*Required action:*
Return the data in full, exactly as it was written.

*Provided material:*
----------

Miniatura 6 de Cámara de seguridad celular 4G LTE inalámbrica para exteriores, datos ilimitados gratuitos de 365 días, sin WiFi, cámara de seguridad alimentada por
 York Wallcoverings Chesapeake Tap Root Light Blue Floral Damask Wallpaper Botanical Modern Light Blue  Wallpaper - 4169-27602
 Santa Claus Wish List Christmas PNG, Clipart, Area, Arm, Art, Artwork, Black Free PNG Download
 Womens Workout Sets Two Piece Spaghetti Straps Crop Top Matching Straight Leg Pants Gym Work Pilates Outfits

----------

*Result of this task:*
Miniatura 6 de Cámara de seguridad celular 4G LTE inalámbrica para exteriores, datos ilimitados gratuitos de 365 días, sin WiFi, cámara de seguridad alimentada por
 York Wallcoverings Chesapeake Tap Root Light Blue Floral Damask Wallpaper Botanical Modern Light Blue  Wallpaper - 4169-27602
 Santa Claus Wish List Christmas PNG, Clipart, Area, Arm, Art, Artwork, Black Free PNG Download
 Womens Workout Sets Two Piece Spaghetti Straps Crop Top Matching Straight Leg Pants Gym Work Pilates Outfits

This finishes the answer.